The gryphon, gold, in chains gold,

His future known, his fate sold:

To hold the firmament, to bear globe,

To serve, until the world is old.

"I see," he said.

"Well, yes," Michel said.

Those were the signs their lives were paved with: signs they could not ignore. And maybe, on any other day, in any other mood he would've walked right by, but coincidences like this one were the flow of Fatum, and he had promised Michel to stop trying to swim against it, at least for a while.

Young men walked along the displays, in a way to, as if by accident, discover a spot where their silhouettes, merging with statues and trees, would be especially hidden from any accidental bystander.

Such a place did exist. A door, where ended the stairway and all the adornments of the main entrance: the columns, the signboards, the display nooks with particularly enticing wares (in front of them—an imitation of an ancient manuscript surrounded with, not any more genuine, but vibrant ingredients in glass jars, dubiously large for emphasis)—a tiny auxiliary door which one must've crouched to enter.
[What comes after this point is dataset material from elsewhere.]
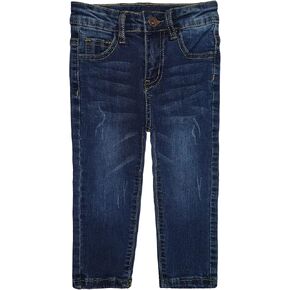 KIDSCOOL SPACE Little Girls Boys Jeans,Elastic Band Inside Ripped Straight Fit Stretchy Soft Denim Pants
Out of precaution, both assumed a look of outright profound interest in the old text which had stopped them in their tracks—inconspicuously in shadow, benevolently off the street.

"Shall we look for anything unusual?" Georg asked, although it wasn't as much a question as an invitation.

Instead of replying, Michel shifted his foot and revealed the branding on a pavement stone: a sign with a castle wall—like sometimes were stamped on bricks, marking their manufacturer.

Georg sat down over it, taking from an inner pocket a set of lockpicks, and with one's handle, which resembled a lancelet, tried to pry the stone. It gave easily. Water rushed into the hole that it left behind.